DREAM DATA CAREER

Aspiring Biomedical Data Scientist with a laboratory diagnostics background, bringing curiosity, clinical perspective, and data-driven thinking to biomedical research.

Portfolio Case Study · Data Science · Healthcare Analytics

Voice-Based Biomarkers and Motor Severity in Parkinson’s Disease

This portfolio project explored whether motor symptom severity in Parkinson’s disease can be estimated from voice-based acoustic biomarkers and basic demographic variables.
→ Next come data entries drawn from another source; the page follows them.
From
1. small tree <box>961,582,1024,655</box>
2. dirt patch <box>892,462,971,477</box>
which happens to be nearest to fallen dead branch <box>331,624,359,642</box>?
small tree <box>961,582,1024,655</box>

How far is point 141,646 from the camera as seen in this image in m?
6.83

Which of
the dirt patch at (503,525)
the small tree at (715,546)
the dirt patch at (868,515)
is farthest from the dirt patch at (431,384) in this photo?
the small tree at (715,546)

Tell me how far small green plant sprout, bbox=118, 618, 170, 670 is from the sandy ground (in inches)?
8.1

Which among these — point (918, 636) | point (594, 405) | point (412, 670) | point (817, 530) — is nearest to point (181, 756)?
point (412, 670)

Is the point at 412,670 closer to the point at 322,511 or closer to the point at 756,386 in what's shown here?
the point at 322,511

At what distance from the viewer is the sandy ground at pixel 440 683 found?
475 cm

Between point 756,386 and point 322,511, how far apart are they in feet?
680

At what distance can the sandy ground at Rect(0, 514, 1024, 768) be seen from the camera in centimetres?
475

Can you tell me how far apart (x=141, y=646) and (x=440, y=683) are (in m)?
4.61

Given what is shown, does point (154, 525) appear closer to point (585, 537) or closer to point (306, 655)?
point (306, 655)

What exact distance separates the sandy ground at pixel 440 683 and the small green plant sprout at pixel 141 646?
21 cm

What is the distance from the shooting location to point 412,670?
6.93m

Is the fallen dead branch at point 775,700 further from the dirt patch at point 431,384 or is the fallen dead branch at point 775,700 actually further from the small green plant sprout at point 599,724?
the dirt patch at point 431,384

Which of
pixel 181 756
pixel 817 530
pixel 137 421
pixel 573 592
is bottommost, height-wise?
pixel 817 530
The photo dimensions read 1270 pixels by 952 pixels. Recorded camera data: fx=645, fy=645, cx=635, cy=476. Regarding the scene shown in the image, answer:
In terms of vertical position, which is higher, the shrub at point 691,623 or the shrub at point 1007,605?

The analysis was based on the Oxford Parkinson’s Telemonitoring Dataset and focused on predicting motor_UPDRS, a clinical score describing motor symptom severity.
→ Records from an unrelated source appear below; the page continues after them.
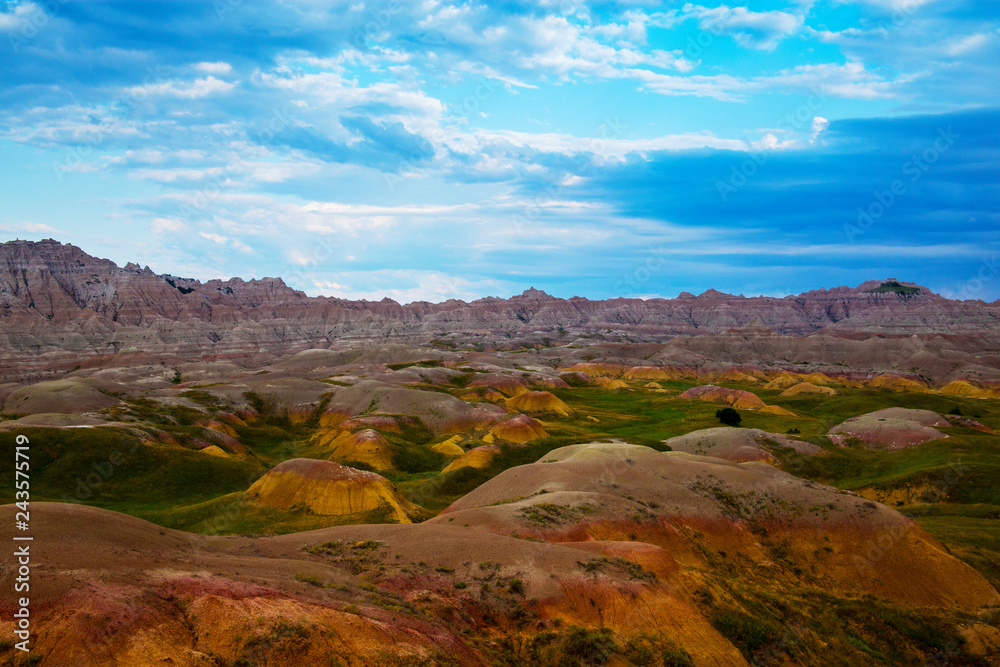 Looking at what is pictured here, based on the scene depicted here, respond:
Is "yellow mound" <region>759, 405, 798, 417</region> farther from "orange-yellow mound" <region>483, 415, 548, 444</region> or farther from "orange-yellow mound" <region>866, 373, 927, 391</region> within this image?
"orange-yellow mound" <region>866, 373, 927, 391</region>

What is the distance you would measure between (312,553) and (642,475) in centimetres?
→ 2474

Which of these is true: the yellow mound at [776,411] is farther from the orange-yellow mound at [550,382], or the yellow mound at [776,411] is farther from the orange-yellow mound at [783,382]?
the orange-yellow mound at [550,382]

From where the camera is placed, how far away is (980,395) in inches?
5714

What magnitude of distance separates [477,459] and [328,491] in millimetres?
20857

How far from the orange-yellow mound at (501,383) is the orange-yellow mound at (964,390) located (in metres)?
107

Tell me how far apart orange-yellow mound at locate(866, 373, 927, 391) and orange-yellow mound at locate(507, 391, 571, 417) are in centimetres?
10001

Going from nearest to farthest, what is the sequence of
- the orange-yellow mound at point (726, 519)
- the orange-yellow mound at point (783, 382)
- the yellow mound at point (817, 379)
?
the orange-yellow mound at point (726, 519) < the orange-yellow mound at point (783, 382) < the yellow mound at point (817, 379)

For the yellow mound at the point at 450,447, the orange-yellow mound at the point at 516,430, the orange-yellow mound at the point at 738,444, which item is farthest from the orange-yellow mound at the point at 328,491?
the orange-yellow mound at the point at 738,444

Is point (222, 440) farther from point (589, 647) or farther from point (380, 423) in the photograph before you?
Answer: point (589, 647)

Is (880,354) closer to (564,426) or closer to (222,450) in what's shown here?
(564,426)

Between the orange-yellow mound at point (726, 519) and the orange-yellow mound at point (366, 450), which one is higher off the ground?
the orange-yellow mound at point (726, 519)

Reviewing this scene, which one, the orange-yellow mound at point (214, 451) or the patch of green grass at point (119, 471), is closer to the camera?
the patch of green grass at point (119, 471)

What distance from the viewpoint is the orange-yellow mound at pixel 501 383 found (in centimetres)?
12875

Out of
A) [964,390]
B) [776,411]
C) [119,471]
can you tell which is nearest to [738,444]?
[776,411] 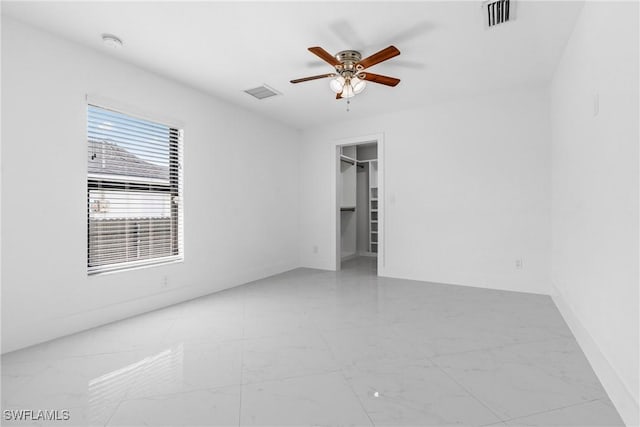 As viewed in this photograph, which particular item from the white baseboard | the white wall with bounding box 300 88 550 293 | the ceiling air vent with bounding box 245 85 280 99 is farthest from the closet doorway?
the white baseboard

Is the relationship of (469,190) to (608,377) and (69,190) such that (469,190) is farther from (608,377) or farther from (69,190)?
(69,190)

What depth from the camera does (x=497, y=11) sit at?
89.8 inches

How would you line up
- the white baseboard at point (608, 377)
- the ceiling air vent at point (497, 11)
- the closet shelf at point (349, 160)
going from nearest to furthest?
the white baseboard at point (608, 377), the ceiling air vent at point (497, 11), the closet shelf at point (349, 160)

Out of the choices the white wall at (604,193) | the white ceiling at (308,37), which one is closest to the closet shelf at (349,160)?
the white ceiling at (308,37)

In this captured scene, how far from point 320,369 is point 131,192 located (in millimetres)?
2512

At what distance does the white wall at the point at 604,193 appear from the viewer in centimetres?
149

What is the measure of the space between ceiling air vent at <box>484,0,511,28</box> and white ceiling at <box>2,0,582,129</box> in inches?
2.0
Rather than building a diagnostic classifier, the goal was to frame the task as a regression problem and examine how much clinically meaningful information voice features can provide.

Project Focus

The project investigated the relationship between voice measurements, patient characteristics, and motor symptom severity in Parkinson’s disease.
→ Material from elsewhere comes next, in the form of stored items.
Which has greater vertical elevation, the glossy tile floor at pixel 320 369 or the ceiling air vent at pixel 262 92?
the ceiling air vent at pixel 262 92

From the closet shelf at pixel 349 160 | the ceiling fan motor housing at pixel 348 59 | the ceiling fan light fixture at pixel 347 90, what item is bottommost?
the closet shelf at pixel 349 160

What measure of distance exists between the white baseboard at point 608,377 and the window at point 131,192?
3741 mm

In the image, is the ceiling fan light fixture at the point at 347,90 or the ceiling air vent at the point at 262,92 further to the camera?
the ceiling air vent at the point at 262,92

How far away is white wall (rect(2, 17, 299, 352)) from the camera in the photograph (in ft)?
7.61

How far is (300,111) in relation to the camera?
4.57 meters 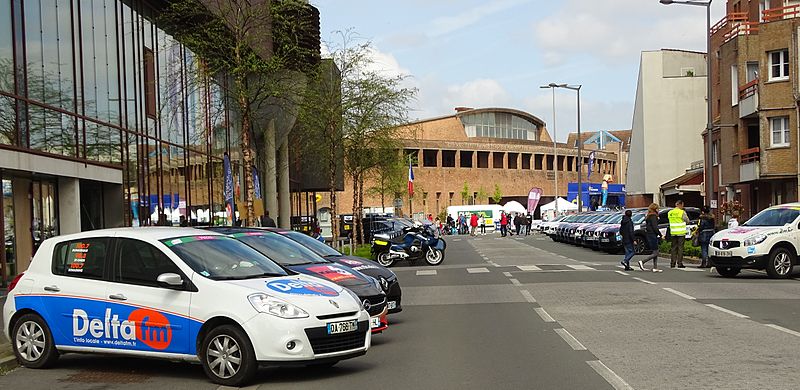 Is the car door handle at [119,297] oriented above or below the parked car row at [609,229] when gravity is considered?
above

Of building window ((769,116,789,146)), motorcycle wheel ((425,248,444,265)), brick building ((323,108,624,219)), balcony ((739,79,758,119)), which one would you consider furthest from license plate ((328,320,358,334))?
brick building ((323,108,624,219))

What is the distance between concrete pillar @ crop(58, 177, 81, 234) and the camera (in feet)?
74.3

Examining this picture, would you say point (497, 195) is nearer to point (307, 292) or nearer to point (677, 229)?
point (677, 229)

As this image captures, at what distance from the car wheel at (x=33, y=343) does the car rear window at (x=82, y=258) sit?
0.63 metres

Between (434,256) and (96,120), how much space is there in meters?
12.4

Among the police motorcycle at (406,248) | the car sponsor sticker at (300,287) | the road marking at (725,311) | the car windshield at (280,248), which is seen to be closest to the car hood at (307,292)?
the car sponsor sticker at (300,287)

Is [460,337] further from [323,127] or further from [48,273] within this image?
[323,127]

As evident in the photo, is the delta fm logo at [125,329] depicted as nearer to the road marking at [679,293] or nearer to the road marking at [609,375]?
the road marking at [609,375]

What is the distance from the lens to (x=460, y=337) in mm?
12938

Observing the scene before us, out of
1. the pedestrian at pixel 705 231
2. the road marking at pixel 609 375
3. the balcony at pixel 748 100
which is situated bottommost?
the road marking at pixel 609 375

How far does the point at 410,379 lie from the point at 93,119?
1648cm

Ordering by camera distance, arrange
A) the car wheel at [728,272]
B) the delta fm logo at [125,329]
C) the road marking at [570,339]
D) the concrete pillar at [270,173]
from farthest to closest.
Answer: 1. the concrete pillar at [270,173]
2. the car wheel at [728,272]
3. the road marking at [570,339]
4. the delta fm logo at [125,329]

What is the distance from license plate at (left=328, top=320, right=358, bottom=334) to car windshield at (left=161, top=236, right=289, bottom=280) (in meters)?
1.08

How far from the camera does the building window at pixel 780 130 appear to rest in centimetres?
4169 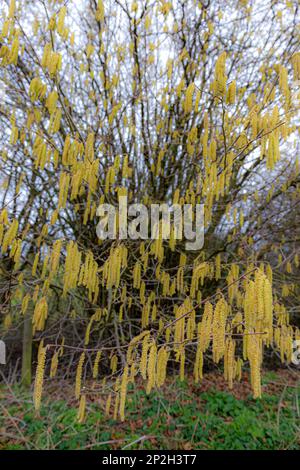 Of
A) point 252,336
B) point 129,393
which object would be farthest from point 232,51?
point 129,393

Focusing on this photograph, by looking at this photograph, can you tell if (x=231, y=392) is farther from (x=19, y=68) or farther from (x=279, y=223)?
(x=19, y=68)

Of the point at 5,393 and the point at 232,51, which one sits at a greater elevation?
the point at 232,51

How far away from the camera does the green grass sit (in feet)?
9.66

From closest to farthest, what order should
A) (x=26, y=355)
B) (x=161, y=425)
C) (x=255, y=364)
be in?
1. (x=255, y=364)
2. (x=161, y=425)
3. (x=26, y=355)

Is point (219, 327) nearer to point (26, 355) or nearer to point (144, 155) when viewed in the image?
point (144, 155)

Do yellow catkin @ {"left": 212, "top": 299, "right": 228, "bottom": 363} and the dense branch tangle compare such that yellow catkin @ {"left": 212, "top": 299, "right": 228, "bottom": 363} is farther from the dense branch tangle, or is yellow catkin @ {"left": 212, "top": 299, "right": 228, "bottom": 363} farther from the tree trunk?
the tree trunk

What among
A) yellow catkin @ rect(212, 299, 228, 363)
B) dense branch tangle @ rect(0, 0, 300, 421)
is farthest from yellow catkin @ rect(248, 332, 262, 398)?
dense branch tangle @ rect(0, 0, 300, 421)

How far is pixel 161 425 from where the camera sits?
3150 millimetres

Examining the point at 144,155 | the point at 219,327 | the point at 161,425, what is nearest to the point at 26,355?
the point at 161,425

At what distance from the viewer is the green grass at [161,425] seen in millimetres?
2945

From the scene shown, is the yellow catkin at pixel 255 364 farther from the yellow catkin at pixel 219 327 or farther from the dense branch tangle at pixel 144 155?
the dense branch tangle at pixel 144 155

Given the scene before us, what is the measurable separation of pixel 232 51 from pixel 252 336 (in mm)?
3110

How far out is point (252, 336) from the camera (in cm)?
128

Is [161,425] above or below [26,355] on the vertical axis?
below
The main target variable was motor_UPDRS. Higher values indicate more severe motor symptoms, while lower values suggest milder motor involvement.

Task Regression-based estimation of motor symptom severity
Target motor_UPDRS score
Data Type Repeated voice recording-based measurements
Main Predictors Age, sex, HNR, PPE, Shimmer.APQ11, Jitter.RAP

Dataset at a Glance

The dataset contained 5,875 voice recording-based measurement records from patients with early-stage Parkinson’s disease.

A key methodological point is that these records do not represent 5,875 independent patients, because multiple measurements may belong to the same patient.

Records 5,875 measurement records
Population Early-stage Parkinson’s disease patients
Missing Values No missing values were identified
Important Note Repeated measurements were present

Target Variable: motor_UPDRS

The distribution of motor_UPDRS showed that most observations were concentrated in the mild-to-moderate and moderate severity ranges.

The mean and median values were close to each other, suggesting that the target variable was not strongly skewed in one direction.

Distribution of motor_UPDRS values.

Variability in Motor Severity

The boxplot provided a clearer view of the median, interquartile range, and overall spread of motor_UPDRS values.

The central 50% of observations were concentrated around the middle range, while both milder and more severe motor states were also present.

Boxplot of motor_UPDRS scores.

Age as a Key Background Factor

Age showed a visible positive relationship with motor_UPDRS. Higher motor_UPDRS values generally appeared in older age ranges.

At the same time, age alone did not fully explain motor symptom severity, since patients of similar age could still show different motor_UPDRS scores.

Relationship between age and motor_UPDRS, stratified by sex.

Voice Quality and Motor Severity

Among the acoustic variables, HNR was examined as a measure related to voice clarity and the ratio between harmonic and noisy components.

A weak negative relationship was observed between HNR and motor_UPDRS, suggesting that lower voice quality may be associated with greater motor symptom severity.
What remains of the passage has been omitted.